Parameters key Type Meaning
OPTION_PARSE_NUMBERS bool Convert tokens to numbers when possible
OPTION_KEEP_SIGN bool Creates an instance of SignedNumber if a number has an explicit sign
OPTION_KEY_IS_VALUE bool Keys with no values are assigned its name as the value
OPTION_EMPTY any The value used for empty tokens

Note that the option OPTION_KEY_IS_VALUE is not used by SimpleParser but it is used by derived classes.

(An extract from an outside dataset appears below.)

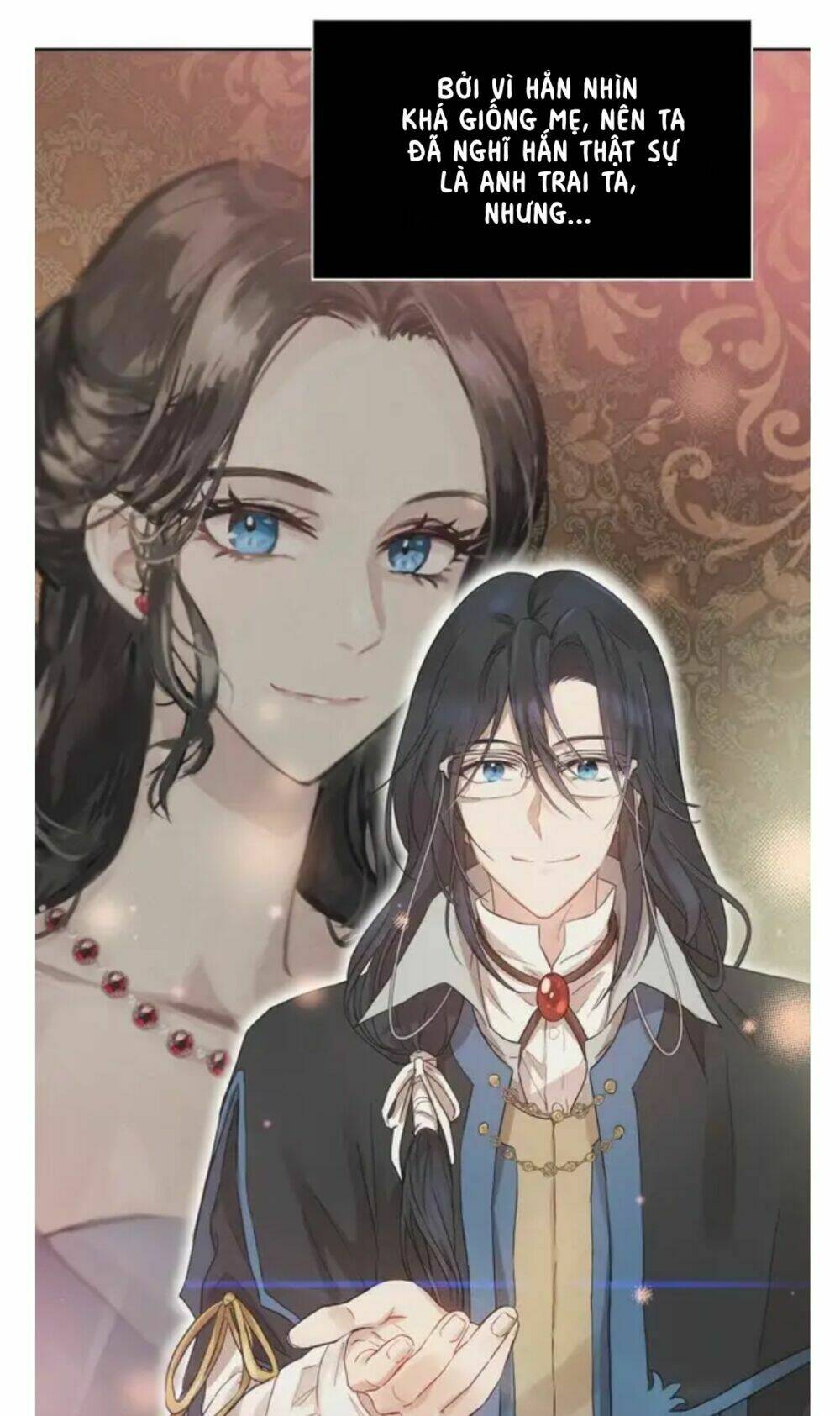 Khế Ước Của Ác Ma: Chapter 1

Note: the option OPTION_KEEP_SIGN is used by jwt column, so that claims exp and nbf can be specified either with absolute (no plus) or relative (with a plus) timestamps.

Usage

$parser = new SimpleParser(":|");
// By default five special values are configured:
//    'null' -> null
//    'true', 'yes' -> true
//    'false', 'no' -> false
// More can be defined by updating $specialValues property:
$parser->specialValues['qfq'] = 'QFQ is great';

// This returns an array ['abc', 'efg', 123, true, 'QFQ is great']
$parser->parse("abc:efg|123|yes:qfq");

// The tokens can be iterated as follows
foreach($parser->iterate("abc:efg|123|yes") as $token) {
   ...
}

KVPairListParser

This class parses a list of key-value pairs into an associative array. It requires two arguments: the list separator and key-value separator.

Usage

// Default separators are , and :
$parser = new KVPairListParser("|", "=");
$parser->parse("a=43|b=false|xyz='a|b'");
// result: [ 'a' => 43, 'b' => false, 'xyz' => 'a|b' ]

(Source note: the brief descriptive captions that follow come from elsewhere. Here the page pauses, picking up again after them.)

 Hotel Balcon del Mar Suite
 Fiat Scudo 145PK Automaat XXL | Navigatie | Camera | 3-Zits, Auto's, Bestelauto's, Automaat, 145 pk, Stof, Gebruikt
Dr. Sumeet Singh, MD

foreach ($parser->iterate("a=43|b=false|xyz='a|b'") as $key => $value) {
   ...
}

MixedTypeParser

This parser understands both lists and dictionaries and both structures can be nested. The constructor must be provided six delimiters in one string: list separator, key-value separator, list delimiters (begin and end), and dictionary delimiters (begin and end). The default value is ,:[]{}. It is also possible to replace the list and dictionary delimiters with spaces, in which case the parser will ignore it. For instance

  • new MixedTypeParser(',:[]') can parse nested lists, but not dictionaries (the string is padded)
  • new MixedTypeParser(',: {}') can parse nested dictionaries, but not lists

This parser can be seen as an extension to a JSON parser: strings does not have to be enclosed with quotes.

Usage

$parser = new MixedTypeParser(',:[]{}', [ /* options */ ]);
$parser->parse('[0, { a: 14, b: 16 }, abc]');
$parser->parseList('abc, [x, y, z], {a:15}, xyz');
$parser->parseDictionary('num:15, arr:[x, y, z], dict:{a:15}, str:xyz');

Note: there is no meaningful iterate() method.